Geoffrey of Monmouth
The first surviving mention is in Geoffrey of Monmouth's
Historia Regum Britanniae, where she enters the
story as the wife of Gorlois, Duke of
Cornwall.
King Uther Pendragon falls in love with her
and attempts to force his attentions on her at his court. She
informs her husband who departs with her to Cornwall without
asking leave. This sudden departure gives
Uther Pendragon an excuse
to make war on Gorlois. Gorlois conducts the war from the castle
of Dimilioc but places his wife in safety in the castle of
Tintagel.
Disguised as Gorlois by
Merlin, Uther Pendragon is able to
enter Tintagel to satisfy his lust. He manages to rape Igraine
by deceit - Igraine believes that she is lying with her husband
and becomes pregnant with Arthur.
Her husband Gorlois dies in battle
that same night.
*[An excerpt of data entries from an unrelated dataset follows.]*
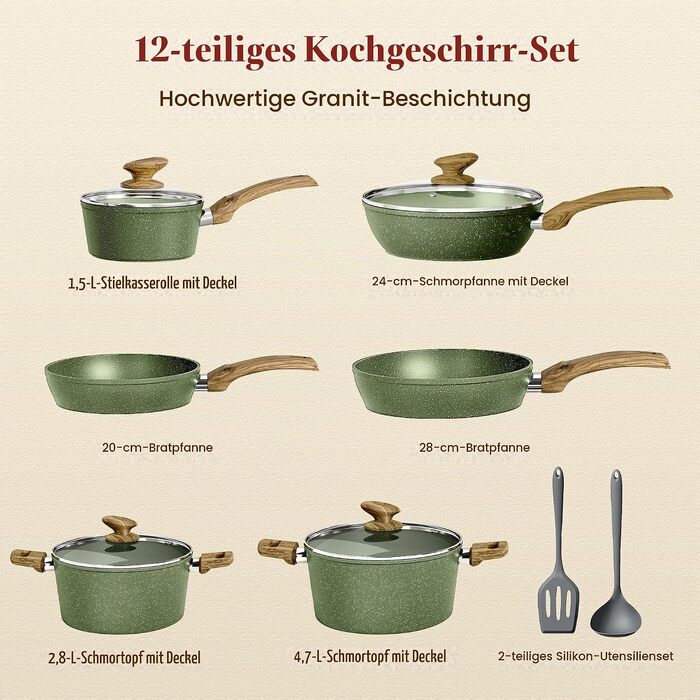 Набір каструль та сковорідок Kitchen Academy для індукційних плит, 12 предметів, колір шавлія (Sage Green)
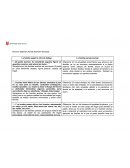 Cuadro comparativo la familia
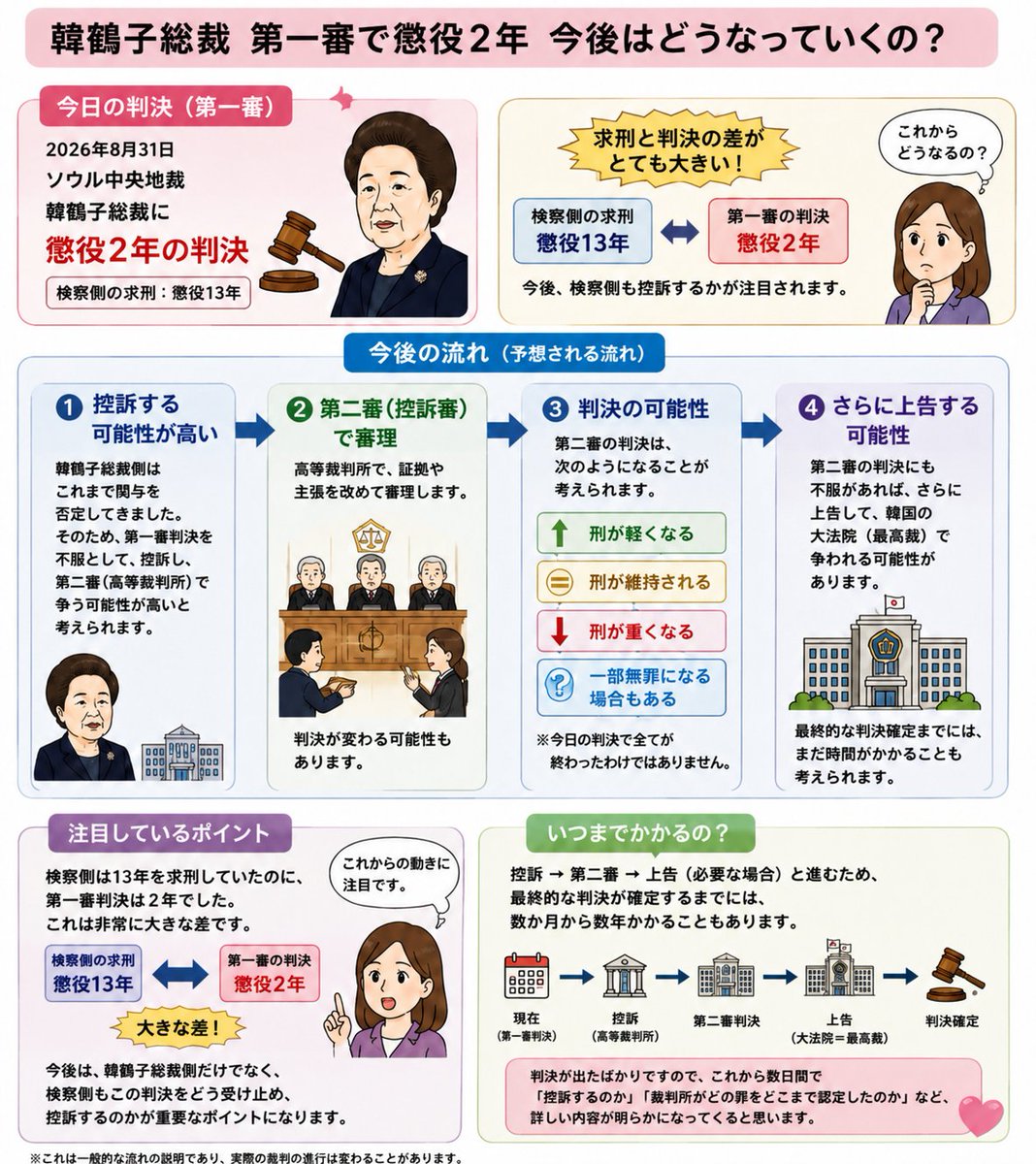 sESc83uRbh14364's tweet photo. 私達の精誠はまだまだ続きます。
韓鶴子総裁、真のお母様の完全なる無実が明かされ、釈放され、天苑宮に戻られる日まで。お母様のお身体が守られますように。 https://t.co/cD2xGrNjzE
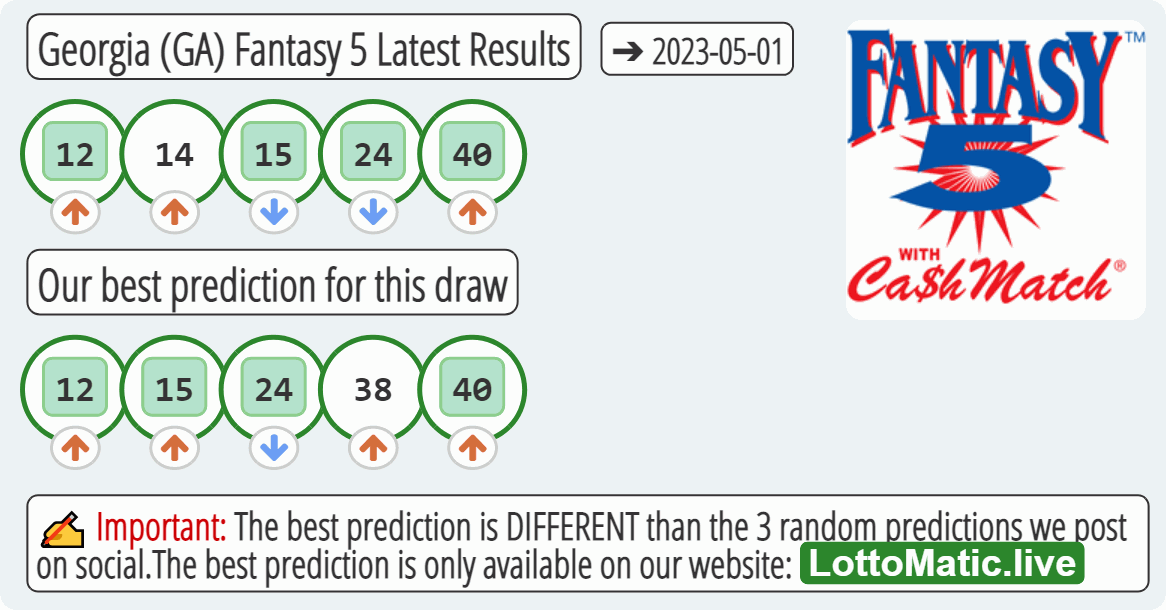 Georgia (GA) Fantasy 5 results drawn on 2023-05-01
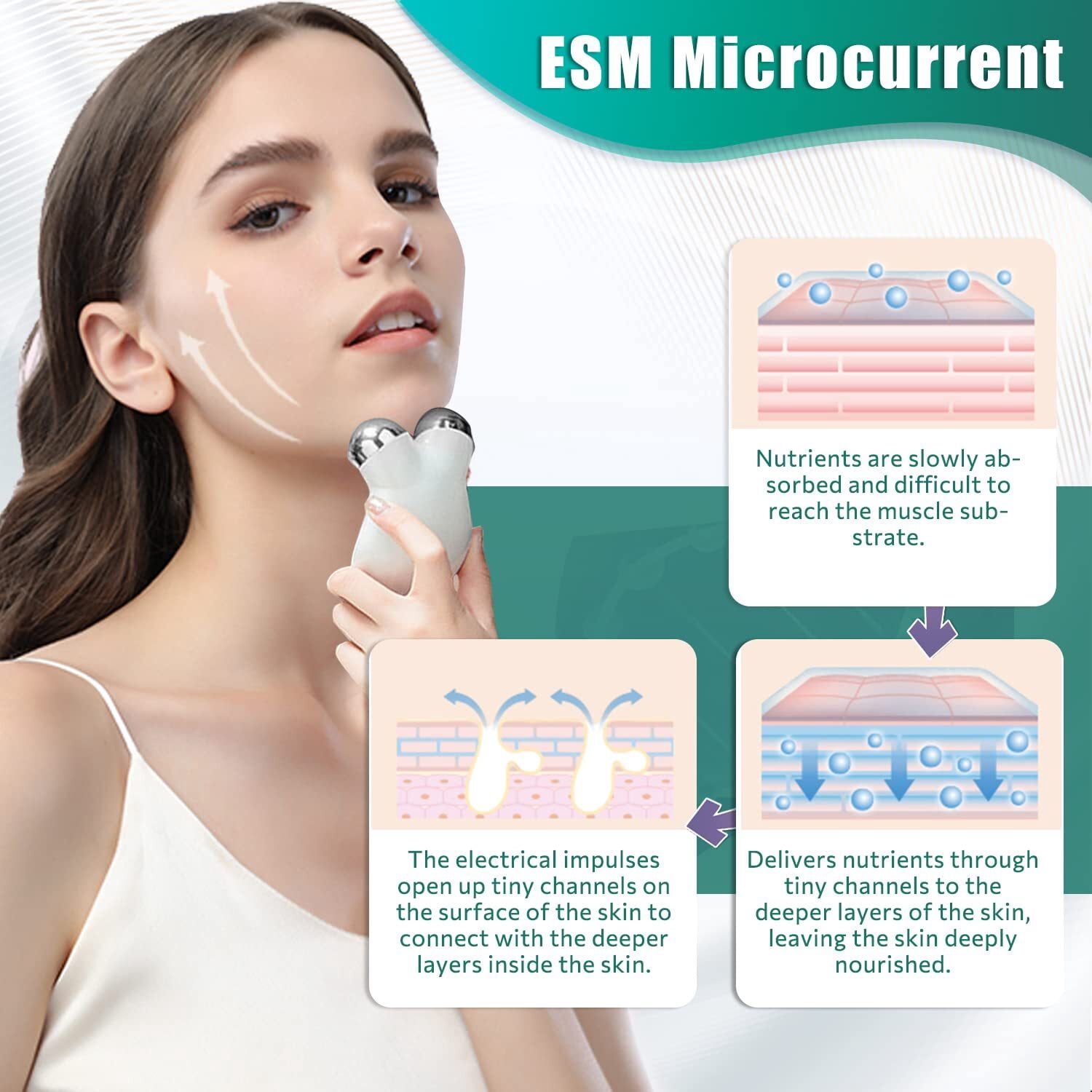 Face Device Roller, USB Mini microcurrent face Lift Skin Tightening Rejuvenation Spa for Facial Wrinkle Remover Toning Best Gift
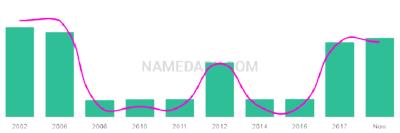 The popularity and usage trend of the name Harlea Over Time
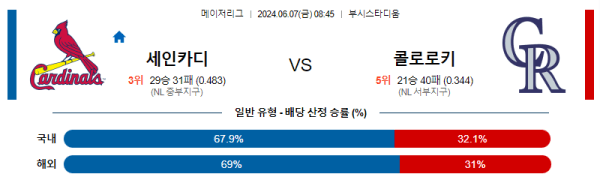 해외야구분석 MLB 6월 7일 세인트루이스 VS 콜로라도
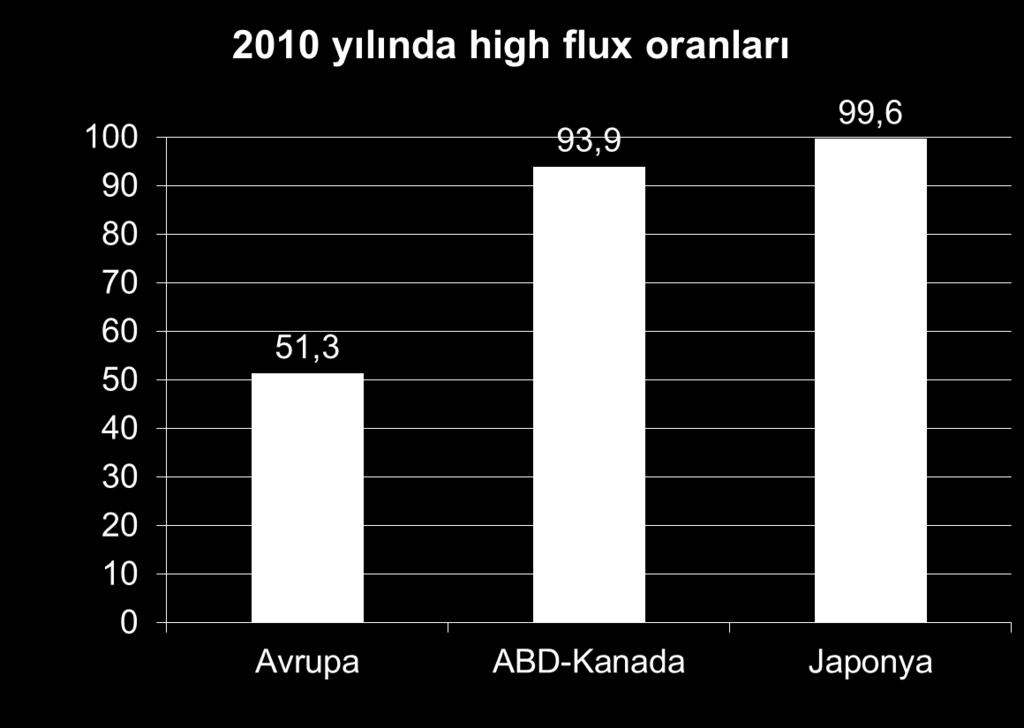 2010 yılında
Geoffrey does not say, and later accounts
disagree, as to whether Gorlois died before or after Arthur was
begotten (something that might be important in determining
whether or not a child could be made legitimate by a later
marriage to its true father). Uther Pendragon later marries
Igraine.
According to
Geoffrey of Monmouth,
Igraine also bore a daughter Anna to Uther Pendragon, this Anna
later becoming the mother of Gawain and Mordred. Yet Geoffrey of
Monmouth also refers to King Hoel of
Brittany as Arthur's nephew and presents a prophecy that
to Uther's daughter will be born a line of seven kings,
something true if Howel is Anna's son, but not true if only
Gawain or Mordred are Anna's sons. There is confusion here,
especially as Welsh genealogies name an Anna as Howel's mother
but one not connected to Uther Pendragon.
Robert de Boron
In Robert de Boron's later Merlin, Igraine's
previous husband is an unnamed Duke of
Tintagel and it is by him that
she becomes the mother of two unnamed daughters. One marries
King Lot and by him becomes the mother of
Gawain, Mordred, Gaheriet and
Guerrehet. A second daughter, also unnamed in some variants but
in some named Morgaine, is married to a certain King Nentres of
Garlot. A third illegitimate daughter of the Duke of Tintagel is
sent to a school and there learns so much she becomes the great
sorceress Morgue Le Fay.
In fact Morgue and Morgaine are
respectively the nominative and oblique forms of the same name.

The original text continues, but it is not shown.